Vampires and Witches Go to School: Contemporary Young Adult Fiction, Gender, and the Gothic

Publication year
2018
Journal
Children's Literature in Education
Volume
49
Pages
6–18
Comment

Here's the abstract:

In the twenty-first century, the Gothic has experienced a cultural resurgence in literature, film, and television for young adult audiences. Young adult readers, poised between childhood and adulthood, have proven especially receptive to the Gothic’s themes of liminality, monstrosity, transgression, romance, and sexuality (James, 2009, p. 116). As part of the Gothic’s incorporation into a broad range of texts for young people, the school story—a conventionally realist genre—has begun to include supernatural gothic characters including vampires, witches, angels, and zombies, and has once again become a popular genre for young readers.
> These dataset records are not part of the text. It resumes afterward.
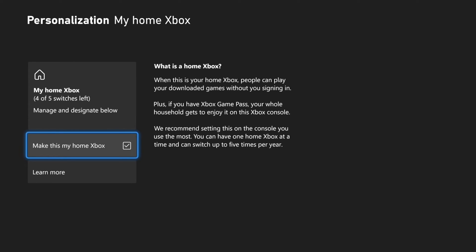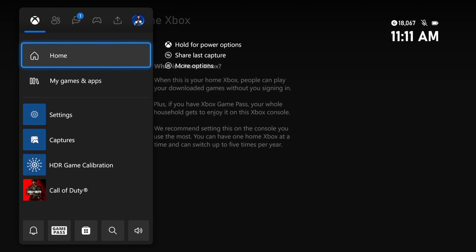We recommend setting this on the console you use the most. You can have one home Xbox at a time, and you can switch up to five times per year — so you only have a limited amount of switches. You definitely want to make sure this is set to My Home Xbox so you can be sharing your games and your Game Pass to other accounts on your Xbox.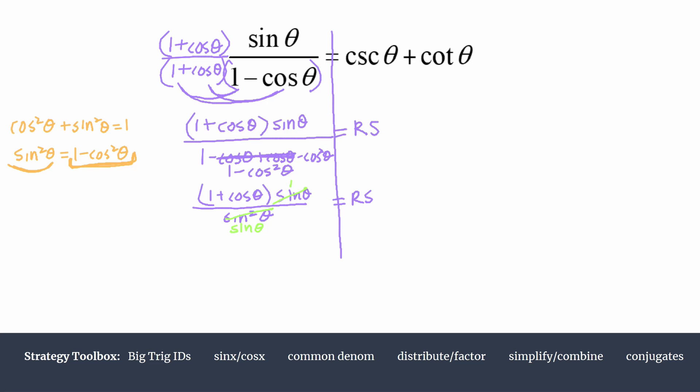Now we can do a little more assessment. We have two terms in the numerator and a single term in the denominator, and we're trying to split it apart into two separate terms to match the right side. So let's separate those terms in the numerator by splitting this fraction — undoing a common denominator — and write it as one over sine theta plus cosine theta over sine theta, and that equals the right-hand side.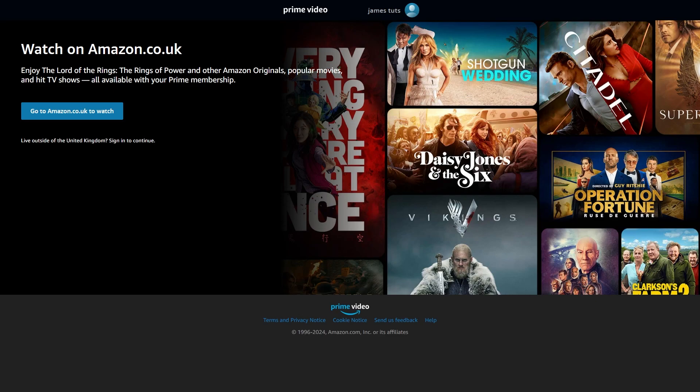In today's video I'll be showing you how to change country on Amazon Prime Video. Now this will be a very quick and simple video so make sure you watch this all the way to the end so you don't miss out on any important steps.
In the past decade, in particular, a large number of Gothic young adult series with female protagonists set in boarding schools have been published (These include Shadow Falls (2011–2013) by C.C. Hunter, Covenant (2011–2013) by Jennifer L. Armentrout, House of Night (2007–2014) by P.C. Cast, Mythos Academy (2011–2014) by Jennifer Estep, The Dragonian (2013–2015) by Adrienne Woods, The Morganville Vampires (2006–2014) by Rachel Caine, Blue Bloods (2006–2013) by Melissa de la Cruz, and Fallen (2009–2012) by Lauren Kate). In this article, we will consider the first books in three such supernatural Gothic series that feature vampires and witches: Richelle Mead’s Vampire Academy (2007), Claudia Gray’s vampire romance Evernight (2008) and Rachel Hawkins’ Hex Hall (2010). These books are significant for the ways in which the traditional school story is adapted and transformed by the Gothic to define models of contemporary girlhood. Although Diane Long Hoeveler suggests that “the ‘body’ that emerges from female gothic textuality is a highly gendered one” (1998, p. 18), what we see in these texts is how the school story setting enables Gothic female protagonists who are unique, disruptive, and potentially transformative, despite the limitations enforced by the heterosexual romance plot. We argue that these novels, while conservative in some respects, rework the school story genre in that they foreground the sexual and romantic desires of girl protagonists regardless of the threat they constitute to the institution and the safety of others.

Note that it is stated that "all three series conclude with the girls involved in heteronormative romantic relationships" (15).